Kurban İbadeti Diğer Dinlerde De Vardır
Kurban ibadetinin geçmişi insanlık tarihi kadar eskidir. Antik kültürlerden günümüz ilkel kabilelerine kadar insanlar tabiatüstü güç ya da varlıklarla ilişki kurmak ve bu ilişkilerini sürdürmek maksadıyla çeşitli kurbanlar sunmuşlardır. Bu şekilde Tanrı/tanrıların yardımını kazanıp gazabını dindirmeyi, Tanrı/tanrılardan af dileyerek günahlardan kurtulmayı, şükretmeyi ve ölen atalarının ruhlarını memnun etmeyi amaçlamışlar veya büyü, sihir için bu yola başvurmuşlardır. Tarih boyu kimi zaman canlı varlıklar, kimi zaman da yiyecek, içecek, tütsü, mum, ipek gibi maddeler kurban olarak takdim edilmiştir.

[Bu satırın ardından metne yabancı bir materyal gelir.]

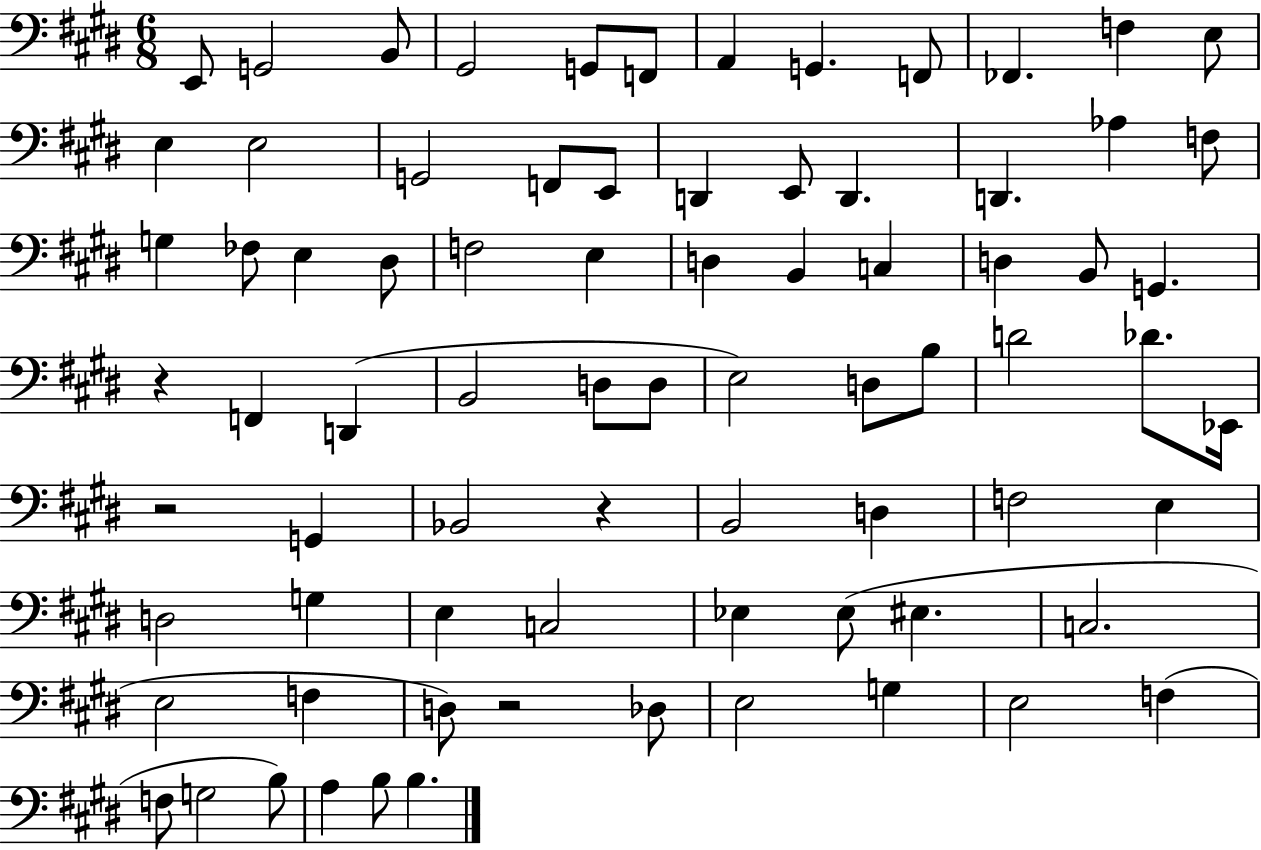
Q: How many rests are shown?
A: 4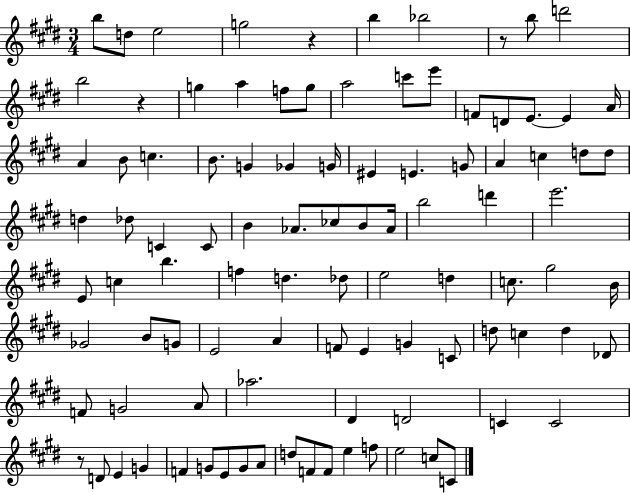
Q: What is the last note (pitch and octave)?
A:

Bütün ilahi dinlerde kurban ibadeti vardır. (Hac, 22/34) Fakat diğer dinlerde zamanla bu ibadet asıl amacından saptırılmıştır. Yahudilikte kurban ibadetinin geçmişi Hz. İbrahim’e kadar dayandırılır. Yahudiler 70 yılında Romalılar tarafından Kudüs’teki mabetleri yıkılıncaya kadar kurban geleneğini sürdürmüşlerdir. Buna göre kanlı ve kansız olmak üzere ikiye ayrılan kurbanlar günlük, haftalık, aylık, mevsimlik ve yıllık farklı zaman aralıklarıyla sunulurdu. Hristiyanlıkta ise Hz. İsa’nın bizzat kendisi kurban olarak kabul edilmiştir. (Ahmet Güç, “Kurban”, DİA, XXVI, 434) İslam’da insan kurban edilmesi anlayışı söz konusu değildir. Kur’an’da Hz. İbrahim’in oğlu Hz. İsmail’i kurban etmek isteyişinden bahsedilmekle birlikte ilgili ayetlerde baba ve oğulun Allah’ın emrine gönülden teslim olma konusunda başarılı bir sınav verdiklerine vurgu yapılır. Bunun sonucunda ilahi bir hediye olarak gönderilen hayvanın kurban edilmesinin istendiği bildirilir. (Sâffât, 37/102-107)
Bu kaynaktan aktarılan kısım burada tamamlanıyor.